Para todo fariseo efectivamente
“el infierno son los otros”.
Y es que este miope no alcanza a
ver que ese lugar ominoso, en donde quedan a punto crocante las almas
disolutas, no simplemente son todo prójimo y hermano mío con sus acciones malas
malas (tres veces malas). ¡El infierno es, en primer lugar, “uno mismo”!
Me refiero al infierno
comprendido como caos psíquico de miedo, egoísmo y de mala voluntad que todos
llevamos dentro en cantidades inconmensurables, y contra la cual hemos de
batallar diariamente con nuestras armas espirituales de la philokalia y la metanoia.
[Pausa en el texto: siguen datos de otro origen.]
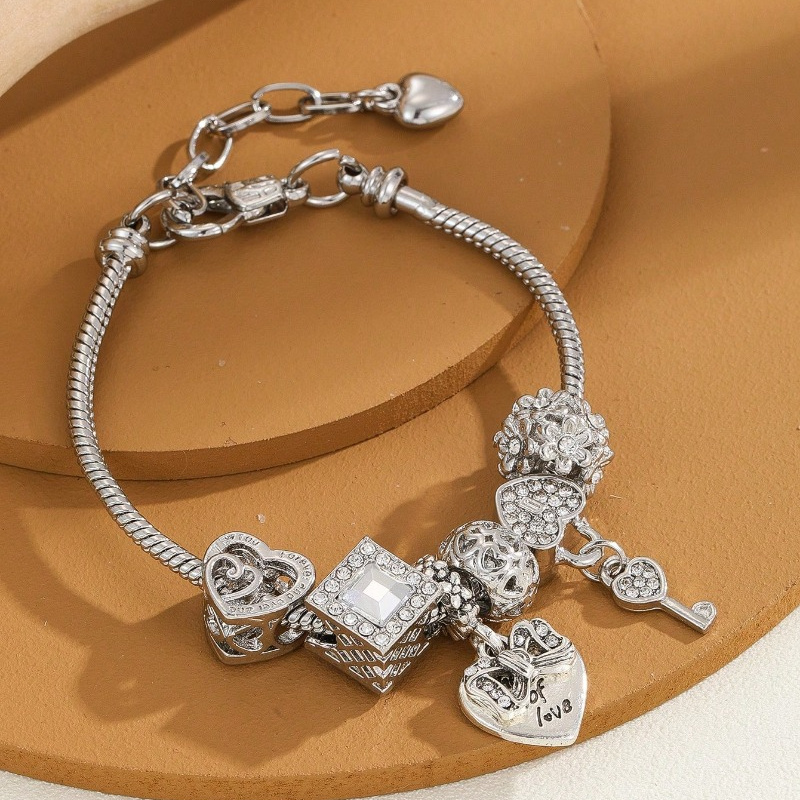 elegant stainless steel charm bracelet with heart key charms versatile for daily wear special occasions everyday accessory comfortable wear unisex jewelry for women 0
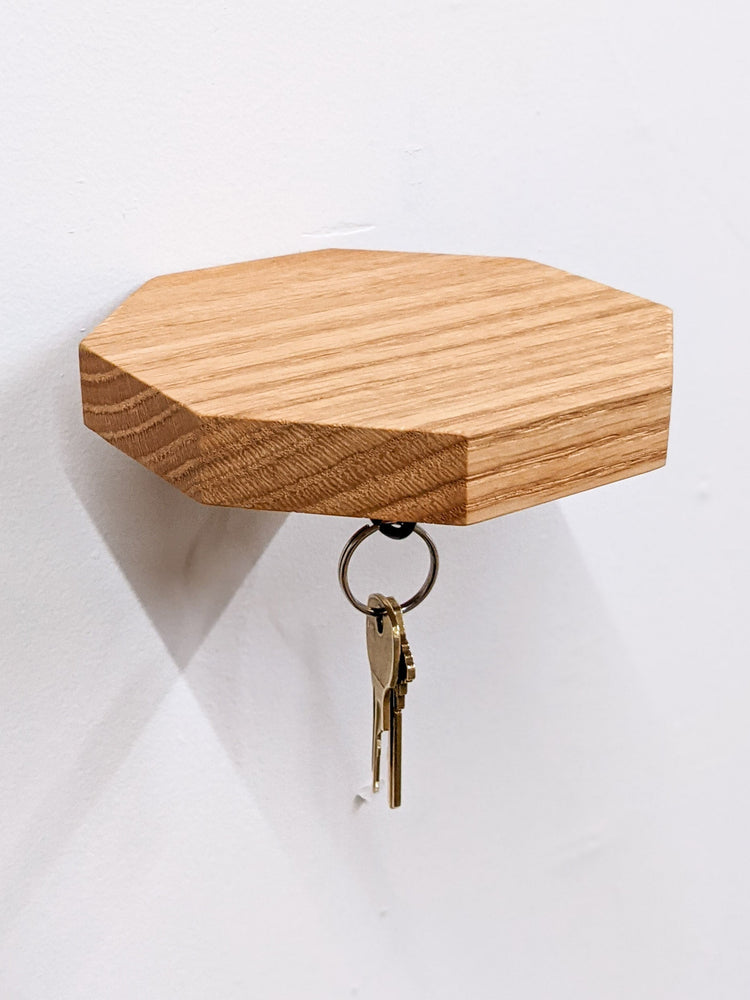 Wooden octagon key hook shelf in oak, NookWoodworking entryway wall shelf with hooks for keys and small accessories.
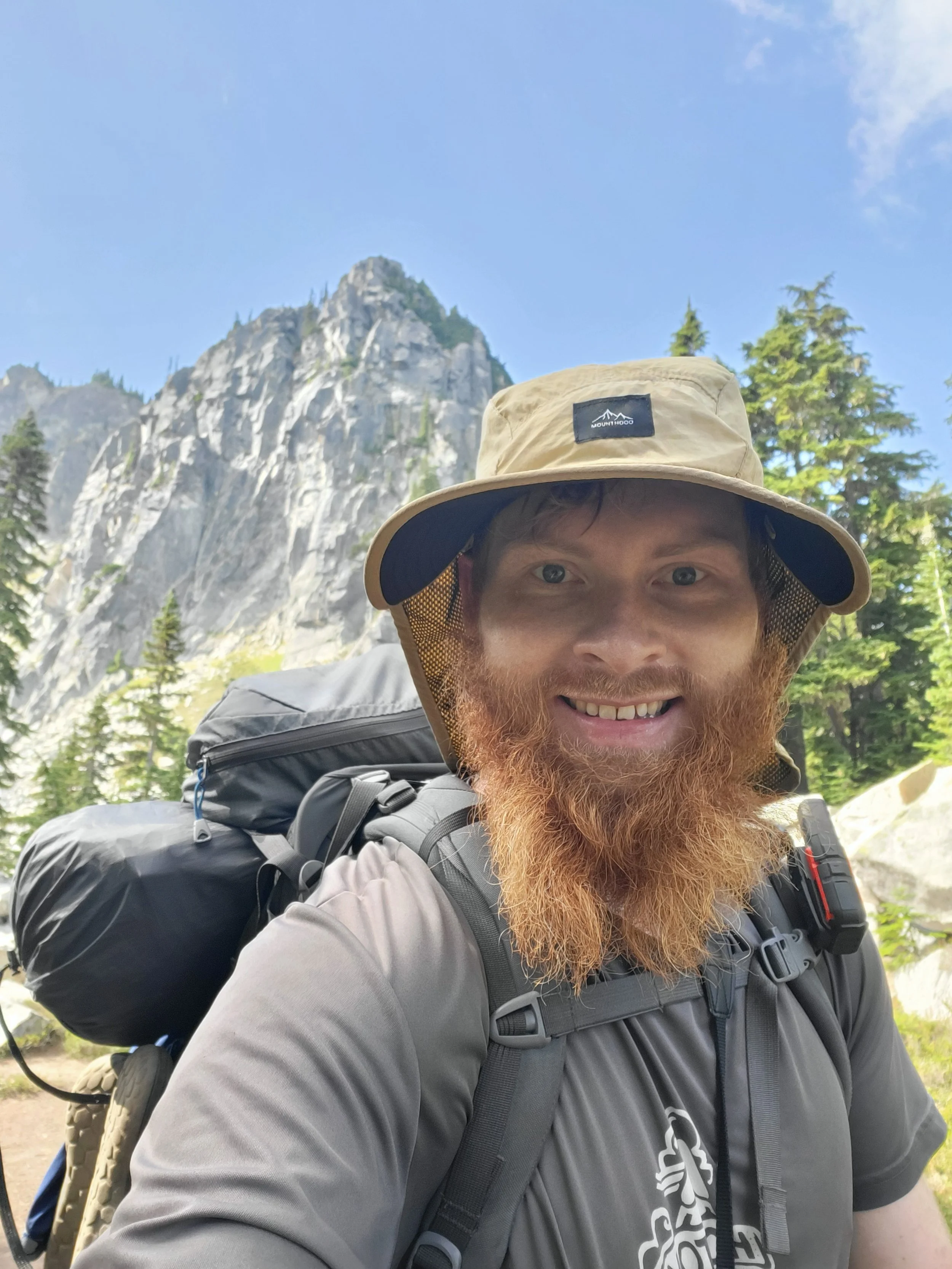A man hiking outdoors, wearing a beige hat and gray outdoor gear, with a large backpack, in a forested area with tall mountains in the background.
Porque resulta que, en tiempos de
Halloween todos los cristianos emprendemos una cruzada, casi con los tintes
folclóricos de Salem, en contra de los promotores de la “fiesta pagana” de
marras. Y eso está muy bien, porque semejante punto color hormiga del calendario
que, en una sociedad saludable, solo debería servir -a lo sumo- para estimular en
los niños pequeños en su aspecto lúdico, se convierte en aquelarre de
promotores de espectáculos bochornosos y festín diabólico para dueños de
moteles carreteros.
¿Se adora al diablo el 31 de
octubre? Pues es seguro que así es (y con todo lo que el protocolo exige
además). De lo que no estoy seguro es que si ese día se le adora más que en
otras fechas del calendario y, además, por quienes precisamente se declaran, de
lengua para afuera, sus “enemigos”. ¿O no es cierto que algunos hacemos de la
Cuaresma, y aun de la Semana Santa, una prolongación del Carnaval de Río de
Janeiro? ¿O acaso no deberíamos considerar el incluir varias escenas de nuestra
Navidad contemporánea en el tríptico del infierno de El Bosco? Y si a santa
Teresa de Ávila le daba más temor una persona triste que un ejército de
demonios, a mí me produce más pavor un pastor que estropajea los evangelios en
el púlpito que un mocoso escuchando Marilyn Manson.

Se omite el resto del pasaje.